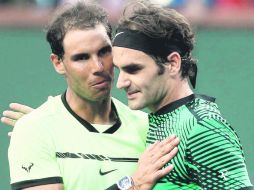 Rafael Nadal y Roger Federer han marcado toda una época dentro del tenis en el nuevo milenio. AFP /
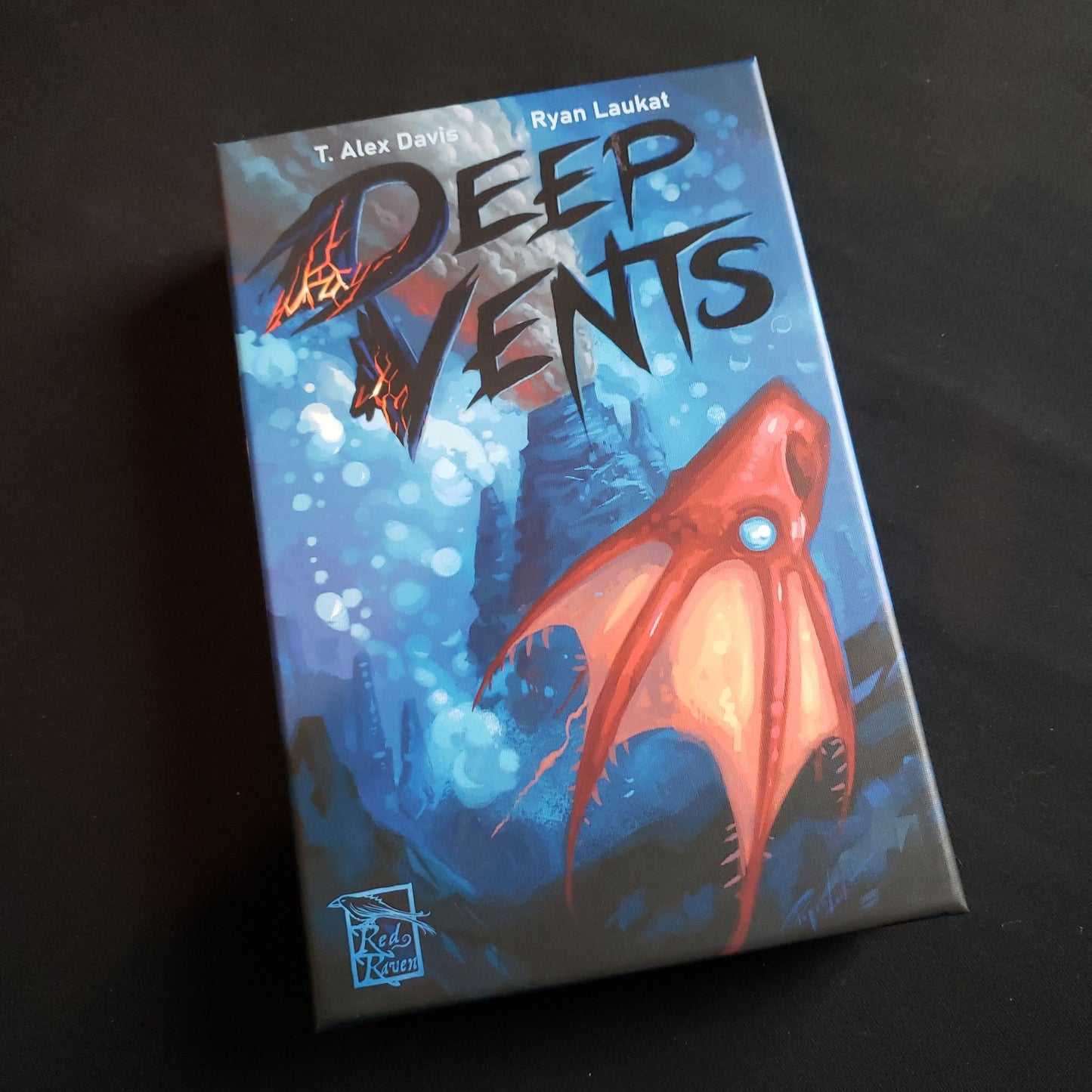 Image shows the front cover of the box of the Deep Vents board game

...

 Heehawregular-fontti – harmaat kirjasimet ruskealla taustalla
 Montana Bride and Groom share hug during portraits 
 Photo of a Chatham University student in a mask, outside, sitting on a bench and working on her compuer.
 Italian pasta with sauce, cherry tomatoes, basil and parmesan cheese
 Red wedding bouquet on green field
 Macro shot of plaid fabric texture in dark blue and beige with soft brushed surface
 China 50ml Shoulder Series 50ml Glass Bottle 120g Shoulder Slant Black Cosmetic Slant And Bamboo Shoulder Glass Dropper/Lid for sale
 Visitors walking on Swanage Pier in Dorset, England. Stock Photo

*WHAT YOU ARE ASKED TO DO*.
All that is needed is the exact run of lines above from the line containing "Heehawregular-fontti – harmaat" through the line containing "Visitors walking on", both of them included.

*EXERCISE ANSWER*.
 Heehawregular-fontti – harmaat kirjasimet ruskealla taustalla
 Montana Bride and Groom share hug during portraits 
 Photo of a Chatham University student in a mask, outside, sitting on a bench and working on her compuer.
 Italian pasta with sauce, cherry tomatoes, basil and parmesan cheese
 Red wedding bouquet on green field
 Macro shot of plaid fabric texture in dark blue and beige with soft brushed surface
 China 50ml Shoulder Series 50ml Glass Bottle 120g Shoulder Slant Black Cosmetic Slant And Bamboo Shoulder Glass Dropper/Lid for sale
 Visitors walking on Swanage Pier in Dorset, England. Stock Photo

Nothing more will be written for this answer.